Exercise aim
Sort through the entries below and pull out lines containing the word "Piece".

# # # # #

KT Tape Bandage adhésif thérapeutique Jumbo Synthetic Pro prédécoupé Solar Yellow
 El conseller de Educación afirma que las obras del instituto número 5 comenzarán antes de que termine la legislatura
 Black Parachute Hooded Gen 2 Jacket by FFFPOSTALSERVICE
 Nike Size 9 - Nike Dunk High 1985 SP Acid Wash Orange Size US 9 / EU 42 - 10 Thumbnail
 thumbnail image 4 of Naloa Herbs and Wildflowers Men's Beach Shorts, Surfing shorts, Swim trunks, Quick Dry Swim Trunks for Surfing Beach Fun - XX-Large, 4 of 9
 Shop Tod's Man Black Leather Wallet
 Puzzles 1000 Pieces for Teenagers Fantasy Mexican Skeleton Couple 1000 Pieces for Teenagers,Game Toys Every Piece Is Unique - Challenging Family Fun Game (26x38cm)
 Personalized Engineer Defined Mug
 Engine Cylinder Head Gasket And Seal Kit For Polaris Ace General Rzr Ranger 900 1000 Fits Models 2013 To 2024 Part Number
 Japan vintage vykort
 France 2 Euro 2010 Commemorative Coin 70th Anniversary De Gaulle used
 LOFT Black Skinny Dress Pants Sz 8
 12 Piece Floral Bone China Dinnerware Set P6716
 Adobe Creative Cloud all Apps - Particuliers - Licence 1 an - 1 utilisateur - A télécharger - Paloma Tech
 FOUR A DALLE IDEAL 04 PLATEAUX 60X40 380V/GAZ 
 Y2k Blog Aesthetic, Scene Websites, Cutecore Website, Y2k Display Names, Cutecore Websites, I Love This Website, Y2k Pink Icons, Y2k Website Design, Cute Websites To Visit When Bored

# # # # #

Output for this task
 Puzzles 1000 Pieces for Teenagers Fantasy Mexican Skeleton Couple 1000 Pieces for Teenagers,Game Toys Every Piece Is Unique - Challenging Family Fun Game (26x38cm)
 12 Piece Floral Bone China Dinnerware Set P6716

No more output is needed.